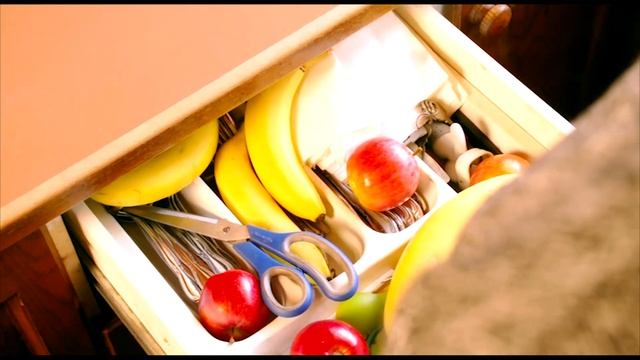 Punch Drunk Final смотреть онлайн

________________

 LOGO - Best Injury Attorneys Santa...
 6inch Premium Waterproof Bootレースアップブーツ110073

________________

Please output exactly the lines between the one holding "LOGO - Best Injury Attorneys Santa..." and the one holding "6inch Premium Waterproof Bootレースアップブーツ110073" in the records above, inclusive, and nothing more.

 LOGO - Best Injury Attorneys Santa...
 6inch Premium Waterproof Bootレースアップブーツ110073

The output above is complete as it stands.